Gli uomini di mare si incontrano e esperienze, conoscenze, usanze travasano da una società ad un’altra e dal mare del nord arrivarono due innovazioni: il timone poppiero invece dei due laterali, e le manovre di bolina che permettevano di navigare non solo col vento in poppa.

Furono il segreto del successo di un nuovo tipo di nave: la cocca, che fu la grande protagonista dei traffici tra Mediterraneo e mar del Nord tra XIII e XIV secolo.  Era una nave ad un solo albero con vela quadra, un cassero posticcio e il fasciame a klinker. Era robusta ma aveva 2 difetti: le dimensioni ridotte rispetto alle vecchie navis e la scarsa manovrabilità in un mare come quello Mediterraneo dai venti inconstanti.

Qui e sulle coste atlantiche del Portogallo e della Spagna, dove persisteva l’influenza araba, la più diffusa nave mercantile rimaneva infatti la caravella, armata con vele latine da 1 a 3 alberi.
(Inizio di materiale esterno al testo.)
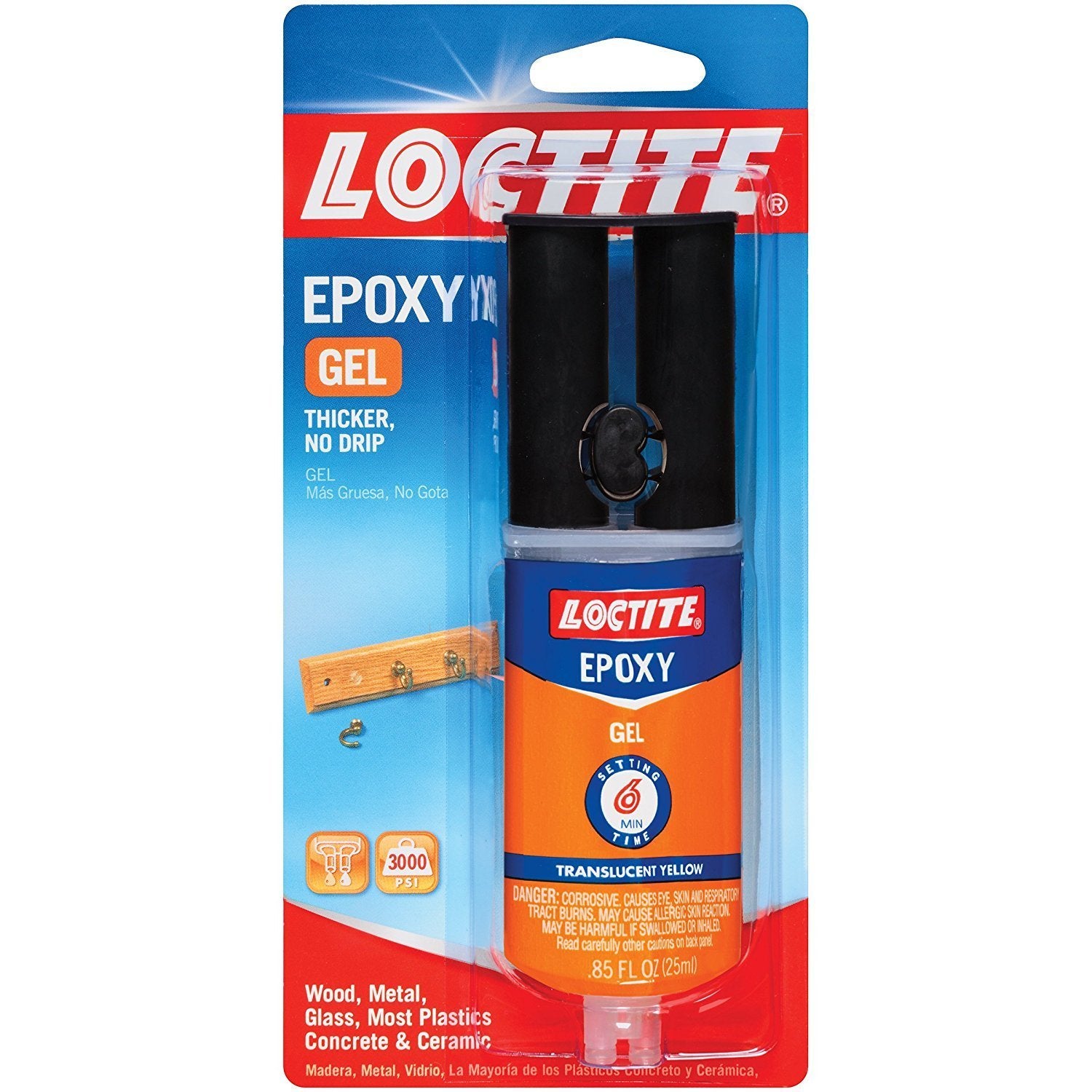 Loctite Heavy Duty Epoxy Gel, Quick Set, 0.85-Fluid Ounce Syringe (Pack of 8)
I marinai si domandarono allora come rendere più efficiente la vela quadra: la risposta fu aggiungere una vela latina a poppa.
Per equilibrare questo nuovo albero – detto di mezzana – se ne aggiungerà quindi uno a prora, il trinchetto: è nata la caracca.
Sarà con questo tipo di nave che saranno condotte in buona parte le esplorazioni geografiche del XV secolo. La S.Maria stessa era una caracca. Si trattava di navi enormi per l’epoca: potevano arrivare alle 1000 t di portata, veri castelli galleggianti!!! Con queste navi venne esplorato il mondo.

Il predominio dei genovesi negli alti tonnellaggi rimase indiscusso sino alla fine del secolo XV. Ora che l’epoca dei ricchi traffici col Levante si era chiusa, il Mediterraneo non era più quel crocevia di rotte commerciali di un tempo, le nuove rotte atlantiche facevano capolinea a Lisbona, Bordeaux, Londra, Anversa, Amsterdam.
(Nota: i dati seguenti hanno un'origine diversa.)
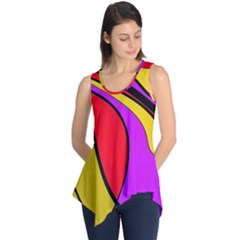 Colorful Lines Sleeveless Tunic by Valentinaart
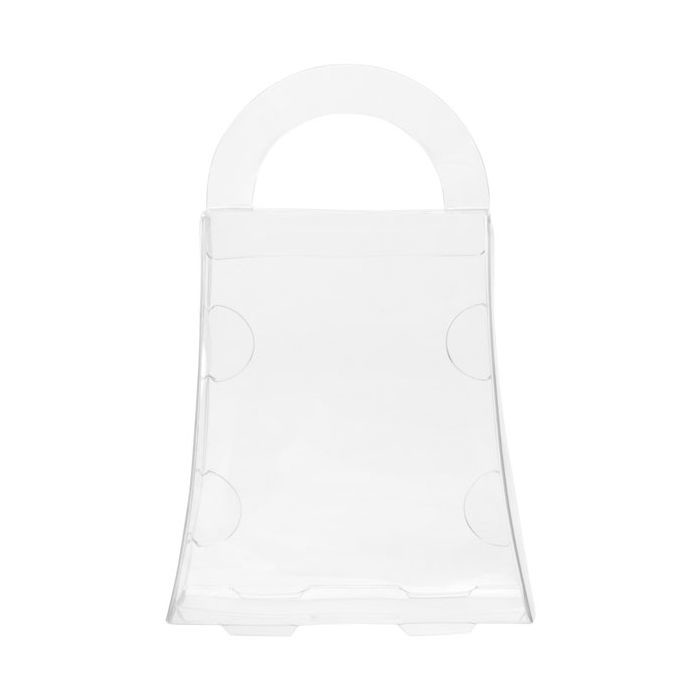 Scatola regalo in plastica stile borsa 8.9x3.8x10.2cm adatta al contatto alimentare (25 pezzi) [FS210]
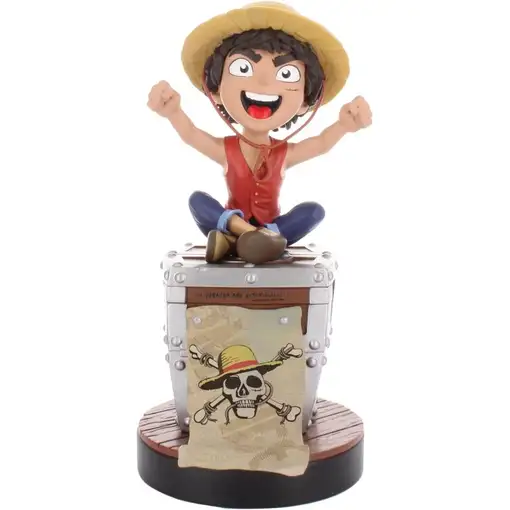 Soporte Cable Guys para Mando o Móvil Modelo One Piece Monkey D. Luffy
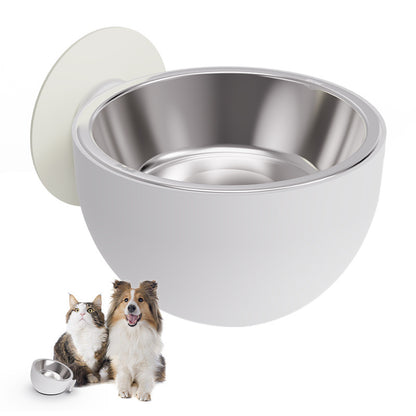 Magnetic Pet Bowl Cat Feeder Dog Foodbowl Pet Products Pets dealsniper-net White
Grazie alle caracche i Genovesi conservarono tuttavia alcuni traffici a largo raggio, remunerativi solo in grandi carichi: grano dalla Sicilia, allume (persa Focea e Trebisonda altre miniere erano state scoperte a Tolfa, nel Lazio), sale, vino.
Il problema di queste grosse navi era la lentezza e lo scarso armamento: al loro apogeo le artiglierie erano ancora primitive, poco efficaci e inaffidabili. Inoltre non erano costruite per avere dei ponti di batteria. Negli scontri navali venivano spesso assalite da numerose galee e avevano la peggio. Il problema non venne risolto nemmeno in seguito, fu così che nel corso del XVI secolo mano mano che scomparivano, non ne furono costrui-te altre.
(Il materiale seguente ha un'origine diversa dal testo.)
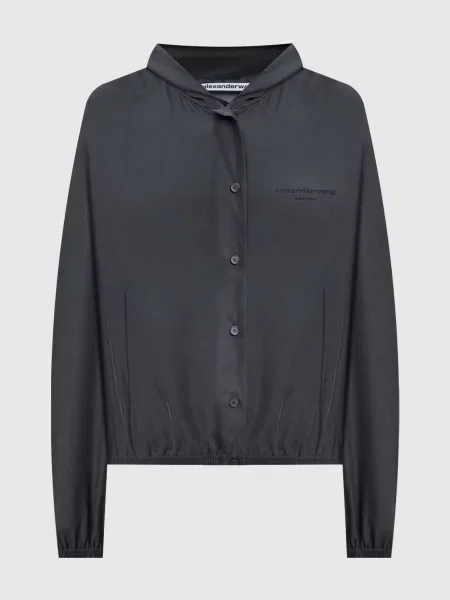 Спортивна куртка із шовку Alexander Wang сіра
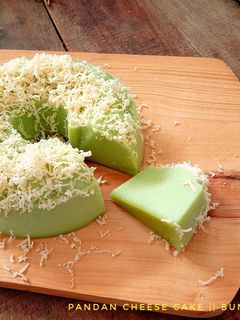 Foto resep Pandan Cheese Cake dari roti tawar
Alla lenta estinzione delle caracche fece da contrappunto un revival della galea. Il XVI secolo fu il secolo d’oro della galea, soprattutto per il contesto di guerra costante contro i Turchi e i corsari barbareschi loro alleati. Nel 1576 si combattè a Lepanto la più famosa battaglia navale dell’età moderna, e fu battaglia tra galee. Ancora nel 1607 il Comune di Genova istituiva il Magistrato delle Galee, un organo deputato all’incremento e alla cura della flotta pubblica della Repubblica.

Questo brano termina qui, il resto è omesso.